Israel is facing its fifth election in just three years, after prime minister Naftali Bennett and foreign minister Yair Lapid said that they had “exhausted options to stabilise” their coalition government.

Bennett’s office said that Israel’s parliament would vote on dissolving itself next week, and that — as foreseen by the coalition agreement — Lapid would then become interim prime minister. Elections are likely to be held in October.

Bennett said in a televised address on Monday evening that the end of the government was not an “easy” moment but that having “turned every stone” to preserve the coalition, dissolving parliament was now the “right decision” for the country.

The eight-party coalition has been slowly fracturing in recent weeks and has struggled to pass legislation after defections by MPs first robbed it of its one-seat majority and then tipped it into a minority administration.

Formed a year ago by eight parties united in part by their desire to oust Israel’s long-serving leader Benjamin Netanyahu and his rightwing Likud party, Bennett and Lapid’s coalition was the most ideologically diverse in the country’s history.

It brought together rightwing religious nationalists and pro-peace leftists.
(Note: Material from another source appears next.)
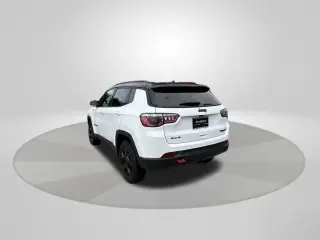 Jeep Compass 2023 4x4 Trailhawk 4p SUV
It included, for the first time in Israeli history, an independent Arab-Israeli Islamist party.

The coalition took office after a period of political deadlock that resulted in four elections being held in just two years. Despite its slender majority, it managed to pass Israel’s first budget in more than two years and helped steer the country through the Covid-19 pandemic.

However, the coalition’s ideological divisions were never far from the surface, and in recent weeks defections and the government’s failure to pass various high-profile bills have prompted intense speculation on its durability.

Among those it failed to pass was a bill renewing rules that allow the application of parts of Israeli law to Jewish settlers in the occupied West Bank. The regulations expire at the end of June, and Bennett hinted that forestalling this was one of the reasons for the decision to dissolve parliament. If elections are announced, the rules are automatically extended.

In his address, Lapid said that he would now focus on the most pressing challenges facing Israel. “We need to tackle the cost of living, wage the campaign against Iran, Hamas, and Hizbollah, and stand against the forces threatening to turn Israel into a non-democratic country,” he said.

The collapse of the government will give Netanyahu — who served as prime minister for a total of 15 years, including the period between 2009 and 2021 — and his Likud party a chance to return to office. Polls have suggested that Likud will be the biggest party in a new parliament but it is not clear whether it would also be able to form a coalition government.

Yohanan Plesner, head of the Israel Democracy Institute, said the decision to dissolve parliament showed that, rather than overcoming the problems in Israeli politics that had led to a series of inconclusive elections, Bennett and Lapid’s government had not ended “Israel’s worst political crisis” but instead merely pushed it into the background.

“This ongoing crisis will not come to an end until Israel’s leaders put their political differences aside and enact long-overdue electoral and constitutional reforms,” he said.

However, Plesner added that despite the government’s short tenure, it had “played an historical role by including an Arab party in the coalition and in the decisions made by the national leadership, and therefore paving the way for the possibility of more inclusion by the Arab minority in the political process and Israeli society as a whole”.